As long understood in business, the competitive environment is the most powerful driver of the need for strategic transformation, which demands more than a change in senior management, adding a new supplier or customer, or simply improving the way things are done. A strategic transformation is far more complex and requires re-evaluating the entire value chain to better enable a company to engage in new and different approaches to competing in markets. This involves making big, innovation-driven commitments that move the company away from earlier positions towards those that align the business capabilities with competitive opportunities in ways that transform the company from a loss-making business to a profit-making business.
Business transformations are not quick fixes resulting from the discovery of brilliant strategies that emerged spontaneously or overnight. Rather, transforming a business is hard work that takes patience, time, commitment, and leadership.
In understanding these things, I can say Elite Pharma is a transformed company; one that survived the threat of bankruptcy and is now fast approaching the ultimate goal of every business – profitability.

Allow me to elaborate.
Background
In 2013, Elite had managed to avoid bankruptcy and hired a new CEO with more than 30 years of big pharma experience. Nasrat Hakim was brought in to get the company back on track and he added new senior leadership with extensive pharma experience to help take products from the development phase to approval. Mr. Hakim also brought with him 12 approved generics from his private company, Mikah Pharmaceuticals, to add to the growing product portfolio.
Things seemed to be moving in a positive direction, as noted in two articles about the company, one in September and the other in December of that year.
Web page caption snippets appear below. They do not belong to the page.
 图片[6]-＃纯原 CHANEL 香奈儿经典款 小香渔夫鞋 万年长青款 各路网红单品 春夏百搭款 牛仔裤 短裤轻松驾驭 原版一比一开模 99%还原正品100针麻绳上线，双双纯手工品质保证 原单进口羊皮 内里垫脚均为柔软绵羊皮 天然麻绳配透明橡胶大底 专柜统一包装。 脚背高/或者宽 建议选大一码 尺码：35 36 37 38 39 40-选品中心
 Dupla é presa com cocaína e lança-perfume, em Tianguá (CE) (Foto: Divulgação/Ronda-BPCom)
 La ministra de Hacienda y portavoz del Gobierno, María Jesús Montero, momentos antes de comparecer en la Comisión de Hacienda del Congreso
The common thread of both articles was that Elite, a small pharmaceutical company with new leadership, was on the verge of entering the then fast-growing opioid pain medication business based on a proprietary technology that would focus on controlled release and abuse-resistance-technology for opioids. This was important given the demographic changes across the U.S. and the globe.
According to the U.S. National Institutes of Health, America’s 65-and-over population is projected to nearly double over the next three decades, from 48 million to 88 million people by 2050. By 2030, one in every eight of the Earth's inhabitants is expected to be 65 years of age or older.
This matters because the elderly, in order to improve their quality of life, are making choices that are, among other things, leading to increased surgical procedures. Since 2011, in the U.S. alone, the number of hips and joint replacements increased 6.2 times and, combined with an increase in oral/dental surgeries, contributed to the demand for pain medications. Further, the number of Americans experiencing chronic pain is estimated to be 11.2% of the adult population because, as people age, they become more likely to have arthritis and other degenerative diseases that are painful but not life-threatening. Subsequently, opioids are commonly prescribed when the pain becomes debilitating.
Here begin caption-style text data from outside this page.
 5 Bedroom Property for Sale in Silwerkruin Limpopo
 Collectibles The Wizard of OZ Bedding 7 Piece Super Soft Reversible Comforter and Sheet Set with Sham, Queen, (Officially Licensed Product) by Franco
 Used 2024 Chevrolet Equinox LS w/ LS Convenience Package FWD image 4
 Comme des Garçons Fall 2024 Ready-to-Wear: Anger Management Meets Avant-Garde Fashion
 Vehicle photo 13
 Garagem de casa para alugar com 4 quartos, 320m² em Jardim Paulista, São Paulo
Based on these realities, it is understandable that Elite might have concluded it was in the right place, with the right technology, to create the right drugs, for the right price, at the right time.
But then, the context changed.
Deaths related to opioid abuse increased eight-fold since 2000, spiking in 2017 to about 49,000 (which is roughly 68% of the 72,000 deaths related to all drug overdoses) and beyond the tragic loss of life are other costs…
Taking into account the staggering costs associated with criminal justice, treatment and loss of productivity, we estimate that the real cost of America’s drug epidemic exceeds $1 Trillion.
Kumar Cidambi, CEO of the Center for Network Therapy, New Jersey’s first licensed outpatient facility for the treatment of all substances of abuse.
As the National Institute for Drug Abuse noted, this led to the socio-political-legal-regulatory pressures on the pain med markets and with it new federal oversight guidelines from the Centers for Disease Control, actions by government law enforcement, and decisions by healthcare providers, all of which were designed to limit opioid prescriptions that might lead to abuse.
Although well-meaning, these actions had an unexpected consequence, as legitimate pain patients have come to feel humiliated, degraded, shamed, and stigmatized by the loss of choice over their physicians and their corresponding program of care. Further, as research by the U.S. National Institutes of Health noted, there have been unfortunate and unintended consequences. In fact, patients struggling with legitimate pain and unable to find prescribers willing to risk sanctions threatened by the government have chosen to end their own lives.
Adding to the external pressures for pharma companies attempting to sell abuse-deterrent opioid pain meds were questions about the cost of abuse-deterrent drugs. As this ICER report concluded, the cost of abuse-deterrent opioids is too high and would need to be cut by at least 40% to make them cost-neutral. In the meantime, the now cautious healthcare providers were not prescribing abuse-deterrent opioids because they do not believe their patients, many on fixed incomes and sensitive to pricing, were at risk of abuse or the diversion of their pain medications.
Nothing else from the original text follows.